PhosAgro, a leading producer of mineral fertilizers, and Food and Agriculture Organization (FAO) of the United Nations have introduced the joint Soil Doctors Programme in sustainable agriculture.
The launch ceremony, was held online on 5 October, and brought together more than 500 participants, including representatives of business and international public organizations, industry experts and scientists, as well as regional government representatives.
The programme aims to develop the skills of farmers in sustainable soil management and to establish regional networks of soil laboratories in Africa, Latin America and the Middle East, with a specific focus on assessing the quality and safety of fertilizers. The programme will allow farmers to make informed decisions on improving soil fertility, maintaining soil health, achieving a proper nutrient balance and protecting the soil from pollution.
The project will develop and send out soil testing kits to 5,000 farmers in developing countries and provide training for farmers to use them correctly.
Eduardo Mansur, director of the office of climate change, biodiversity and environment of the FAO, stressed that the launch of the programme would have a major impact on crop production and promote sustainable land use.
“We want farmers to increase their production of environmentally friendly products. Our goal is the best plant cultivation, the best food and the best environment for a better life. This programme will enable farmers to make agricultural production more efficient and to grow food in an environmentally responsible way,” said Mansur.
Thanawat Tiesien, permanent representative of Thailand to the FAO and chair of the Committee on World Food Security (CFS), noted that the Soil Doctors Programme was launched in Thailand for the first time in 1992 and has been successfully implemented since then.
“Thailand is happy to share our experience and knowledge. It takes a long time to restore degraded soils, but rebuilding the soil is something we must do for food security, public health and future generations,” Tiesien added.
The first deputy CEO of PhosAgro, Siroj Loikov, thanked the FAO for the honor of being the first Russian company in the history of the UN organization to be chosen to implement such a large-scale soil protection initiative.
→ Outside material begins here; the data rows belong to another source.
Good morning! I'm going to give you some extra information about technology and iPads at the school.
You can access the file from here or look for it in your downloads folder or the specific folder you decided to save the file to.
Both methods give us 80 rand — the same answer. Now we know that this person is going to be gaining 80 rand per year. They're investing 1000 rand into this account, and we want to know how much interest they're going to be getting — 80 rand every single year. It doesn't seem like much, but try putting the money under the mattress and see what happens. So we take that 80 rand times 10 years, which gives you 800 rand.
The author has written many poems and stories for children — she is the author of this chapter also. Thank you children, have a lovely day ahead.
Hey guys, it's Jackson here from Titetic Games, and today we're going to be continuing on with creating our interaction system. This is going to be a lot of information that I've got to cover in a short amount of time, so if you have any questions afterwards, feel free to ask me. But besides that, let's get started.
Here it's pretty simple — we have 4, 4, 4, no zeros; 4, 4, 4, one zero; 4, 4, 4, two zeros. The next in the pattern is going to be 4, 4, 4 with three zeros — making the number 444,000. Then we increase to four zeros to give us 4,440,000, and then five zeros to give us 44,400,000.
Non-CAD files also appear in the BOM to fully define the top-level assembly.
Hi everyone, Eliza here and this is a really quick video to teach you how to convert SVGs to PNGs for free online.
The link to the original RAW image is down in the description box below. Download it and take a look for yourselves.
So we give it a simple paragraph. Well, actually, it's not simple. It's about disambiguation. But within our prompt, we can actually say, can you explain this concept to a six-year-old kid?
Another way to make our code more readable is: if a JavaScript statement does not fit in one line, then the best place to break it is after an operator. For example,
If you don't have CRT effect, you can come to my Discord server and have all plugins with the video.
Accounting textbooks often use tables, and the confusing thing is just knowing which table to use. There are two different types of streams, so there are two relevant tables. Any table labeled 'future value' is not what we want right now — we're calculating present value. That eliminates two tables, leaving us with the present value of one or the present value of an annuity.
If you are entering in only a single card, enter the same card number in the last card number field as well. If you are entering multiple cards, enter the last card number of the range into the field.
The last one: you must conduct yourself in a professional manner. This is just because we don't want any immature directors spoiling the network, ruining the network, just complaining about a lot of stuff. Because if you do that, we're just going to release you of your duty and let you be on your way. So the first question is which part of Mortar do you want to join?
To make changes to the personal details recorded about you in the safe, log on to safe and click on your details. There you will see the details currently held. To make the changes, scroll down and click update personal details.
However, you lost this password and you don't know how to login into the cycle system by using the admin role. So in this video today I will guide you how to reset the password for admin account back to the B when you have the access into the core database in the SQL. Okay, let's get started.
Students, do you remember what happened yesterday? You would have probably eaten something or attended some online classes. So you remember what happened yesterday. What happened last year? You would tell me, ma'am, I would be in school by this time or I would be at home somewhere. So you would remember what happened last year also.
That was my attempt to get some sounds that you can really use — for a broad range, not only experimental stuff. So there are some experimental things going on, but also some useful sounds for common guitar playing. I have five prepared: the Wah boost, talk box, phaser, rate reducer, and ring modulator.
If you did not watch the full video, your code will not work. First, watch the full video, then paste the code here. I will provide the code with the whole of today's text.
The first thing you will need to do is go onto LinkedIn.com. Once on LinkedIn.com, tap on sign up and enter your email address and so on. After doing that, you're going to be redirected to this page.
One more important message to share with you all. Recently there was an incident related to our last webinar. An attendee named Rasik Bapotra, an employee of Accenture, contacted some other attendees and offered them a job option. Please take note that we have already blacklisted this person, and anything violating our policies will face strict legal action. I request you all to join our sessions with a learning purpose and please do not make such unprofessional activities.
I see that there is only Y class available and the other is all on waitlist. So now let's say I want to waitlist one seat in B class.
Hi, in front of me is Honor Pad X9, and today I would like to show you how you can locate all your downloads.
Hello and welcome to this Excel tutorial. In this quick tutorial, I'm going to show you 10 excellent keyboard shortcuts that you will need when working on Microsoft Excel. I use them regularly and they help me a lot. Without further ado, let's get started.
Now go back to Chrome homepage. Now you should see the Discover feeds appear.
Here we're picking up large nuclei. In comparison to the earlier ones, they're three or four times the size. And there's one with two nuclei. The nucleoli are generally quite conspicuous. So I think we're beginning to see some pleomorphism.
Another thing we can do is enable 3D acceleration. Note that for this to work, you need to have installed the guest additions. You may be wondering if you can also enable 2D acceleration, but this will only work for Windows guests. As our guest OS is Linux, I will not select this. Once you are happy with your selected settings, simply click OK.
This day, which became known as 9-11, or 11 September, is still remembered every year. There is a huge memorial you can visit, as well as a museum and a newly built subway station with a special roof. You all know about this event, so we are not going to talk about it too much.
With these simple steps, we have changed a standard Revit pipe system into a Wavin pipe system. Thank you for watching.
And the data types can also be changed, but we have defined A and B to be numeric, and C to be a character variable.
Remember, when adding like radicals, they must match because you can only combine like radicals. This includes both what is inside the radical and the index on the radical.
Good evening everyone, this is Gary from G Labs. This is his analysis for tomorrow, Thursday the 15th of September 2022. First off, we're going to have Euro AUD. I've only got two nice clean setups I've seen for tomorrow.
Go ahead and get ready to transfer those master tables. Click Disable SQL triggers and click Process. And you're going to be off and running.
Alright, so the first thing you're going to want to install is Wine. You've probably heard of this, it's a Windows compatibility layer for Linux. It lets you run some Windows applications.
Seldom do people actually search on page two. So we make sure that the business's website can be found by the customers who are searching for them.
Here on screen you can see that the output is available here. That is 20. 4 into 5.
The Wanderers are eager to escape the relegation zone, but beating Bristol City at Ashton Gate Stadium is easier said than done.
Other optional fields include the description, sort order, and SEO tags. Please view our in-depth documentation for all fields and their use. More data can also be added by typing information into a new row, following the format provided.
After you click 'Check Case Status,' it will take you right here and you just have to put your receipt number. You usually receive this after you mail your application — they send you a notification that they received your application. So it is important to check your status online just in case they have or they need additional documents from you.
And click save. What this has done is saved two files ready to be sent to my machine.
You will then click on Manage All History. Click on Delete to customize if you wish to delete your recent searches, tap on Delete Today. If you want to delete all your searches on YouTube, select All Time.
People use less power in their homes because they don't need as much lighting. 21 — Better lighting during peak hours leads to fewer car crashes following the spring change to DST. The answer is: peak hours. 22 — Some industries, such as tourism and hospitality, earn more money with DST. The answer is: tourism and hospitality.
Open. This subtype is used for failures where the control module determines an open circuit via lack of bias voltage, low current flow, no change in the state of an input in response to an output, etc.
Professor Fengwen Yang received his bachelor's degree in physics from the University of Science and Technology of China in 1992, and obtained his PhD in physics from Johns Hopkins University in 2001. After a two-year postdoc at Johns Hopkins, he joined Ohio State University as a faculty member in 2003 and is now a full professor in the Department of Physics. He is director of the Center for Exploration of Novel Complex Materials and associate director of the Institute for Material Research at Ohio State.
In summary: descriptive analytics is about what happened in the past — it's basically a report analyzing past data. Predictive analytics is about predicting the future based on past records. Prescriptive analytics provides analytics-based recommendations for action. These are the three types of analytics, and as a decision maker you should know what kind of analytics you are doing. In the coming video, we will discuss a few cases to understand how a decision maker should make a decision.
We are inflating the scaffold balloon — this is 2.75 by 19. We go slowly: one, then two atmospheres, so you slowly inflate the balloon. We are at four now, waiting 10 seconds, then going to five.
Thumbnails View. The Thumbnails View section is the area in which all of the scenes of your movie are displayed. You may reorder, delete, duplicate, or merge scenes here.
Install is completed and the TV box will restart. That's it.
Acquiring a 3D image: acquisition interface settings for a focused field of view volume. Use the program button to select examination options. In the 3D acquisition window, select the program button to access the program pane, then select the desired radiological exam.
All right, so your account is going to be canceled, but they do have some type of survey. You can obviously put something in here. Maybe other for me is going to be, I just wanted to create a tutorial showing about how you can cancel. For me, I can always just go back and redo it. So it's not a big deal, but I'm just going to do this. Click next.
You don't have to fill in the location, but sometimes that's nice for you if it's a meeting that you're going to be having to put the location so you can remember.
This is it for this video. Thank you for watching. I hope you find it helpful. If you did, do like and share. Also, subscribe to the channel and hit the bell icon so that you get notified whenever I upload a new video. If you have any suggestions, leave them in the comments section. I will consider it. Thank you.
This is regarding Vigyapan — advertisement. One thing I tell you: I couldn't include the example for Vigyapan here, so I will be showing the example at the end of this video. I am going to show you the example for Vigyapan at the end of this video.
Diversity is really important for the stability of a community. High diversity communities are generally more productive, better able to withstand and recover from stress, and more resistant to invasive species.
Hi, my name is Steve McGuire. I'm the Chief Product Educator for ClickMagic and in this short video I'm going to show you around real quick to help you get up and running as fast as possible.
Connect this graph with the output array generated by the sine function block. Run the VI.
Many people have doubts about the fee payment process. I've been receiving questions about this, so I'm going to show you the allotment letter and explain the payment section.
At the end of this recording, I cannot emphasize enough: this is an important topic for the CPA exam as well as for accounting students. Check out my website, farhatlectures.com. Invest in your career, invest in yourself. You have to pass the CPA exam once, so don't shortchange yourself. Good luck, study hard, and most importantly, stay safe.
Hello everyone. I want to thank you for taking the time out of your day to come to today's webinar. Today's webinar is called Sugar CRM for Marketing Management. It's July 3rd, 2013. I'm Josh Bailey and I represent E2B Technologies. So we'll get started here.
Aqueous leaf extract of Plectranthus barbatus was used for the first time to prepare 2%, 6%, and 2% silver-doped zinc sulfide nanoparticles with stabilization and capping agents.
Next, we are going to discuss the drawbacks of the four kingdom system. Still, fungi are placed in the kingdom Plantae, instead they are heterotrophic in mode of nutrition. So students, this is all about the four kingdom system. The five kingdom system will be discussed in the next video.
“As a global company supplying mineral fertilizers that have unique environmental characteristics and are free of toxic substances to 102 countries around the world, we believe that food security and soil health are key to achieving the UN’s 2030 Agenda for Sustainable Development Goals,” stressed Loikov.
He recalled that, under the joint programme between the FAO and PhosAgro, a regional network of soil laboratories in the Middle East and North Africa was launched in June. Another important move towards more sustainable farming will be to develop and distribute soil testing kits to farmers.
“PhosAgro and the FAO share a common goal in that we firmly believe that farmers must be able to use their land efficiently with sustainable and efficient mineral fertilizers, grow quality agricultural products, maintain soil fertility and prevent soil degradation. People around the world must have access to safe food. We will therefore continue supporting the FAO’s initiatives to promote technology and knowledge for sustainable agriculture,” recapped Loikov.